- DATA BELOW:

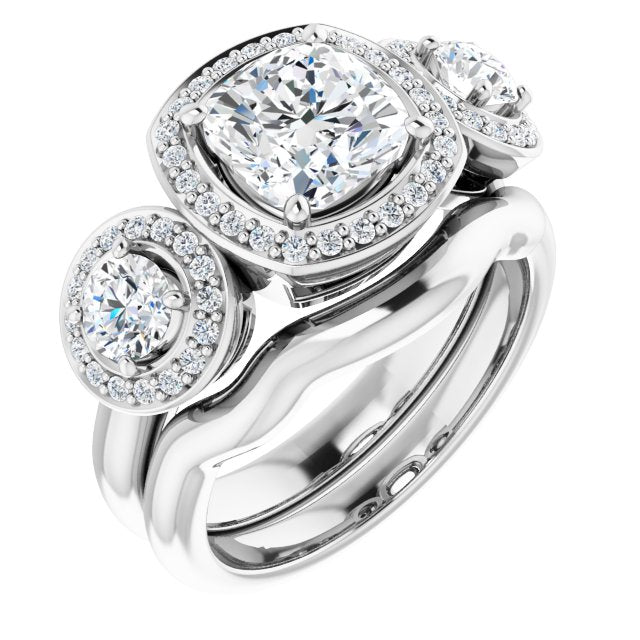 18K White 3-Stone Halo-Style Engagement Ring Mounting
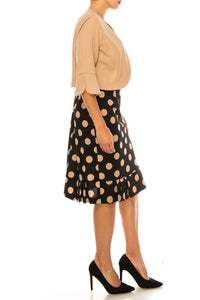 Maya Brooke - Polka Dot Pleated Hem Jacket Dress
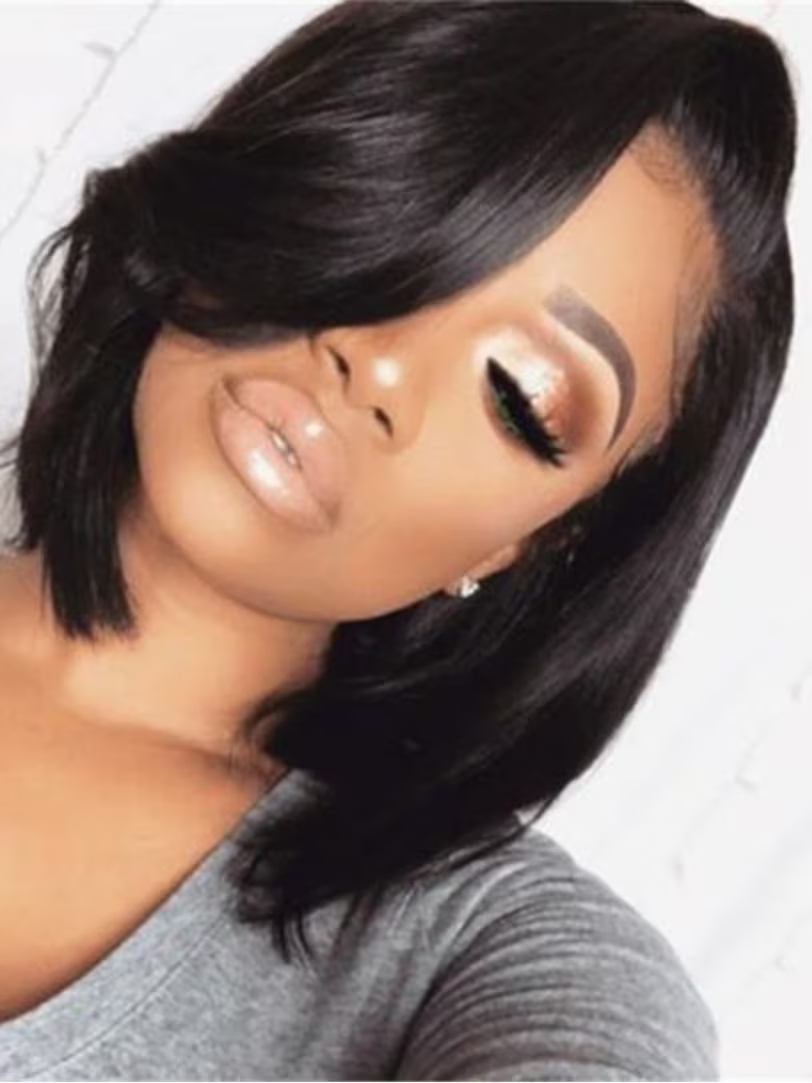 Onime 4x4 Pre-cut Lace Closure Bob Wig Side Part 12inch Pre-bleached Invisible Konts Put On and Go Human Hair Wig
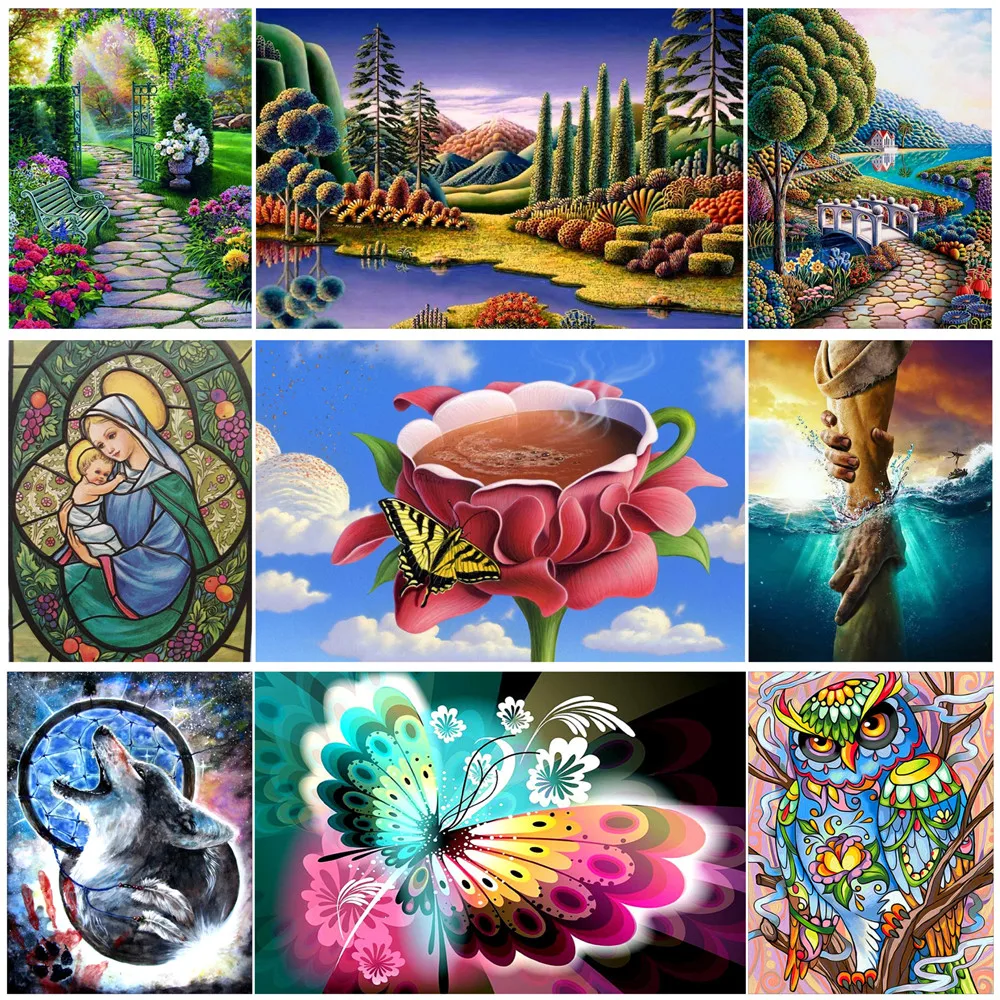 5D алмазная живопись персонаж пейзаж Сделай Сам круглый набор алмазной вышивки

- EXERCISE PROMPT: For this copy, leave pictures out and reproduce the lines from the one bearing "Onime 4x4 Pre-cut" through the final line of the listing above, both ends included.

- ANSWER BOX:
 Onime 4x4 Pre-cut Lace Closure Bob Wig Side Part 12inch Pre-bleached Invisible Konts Put On and Go Human Hair Wig
 5D алмазная живопись персонаж пейзаж Сделай Сам круглый набор алмазной вышивки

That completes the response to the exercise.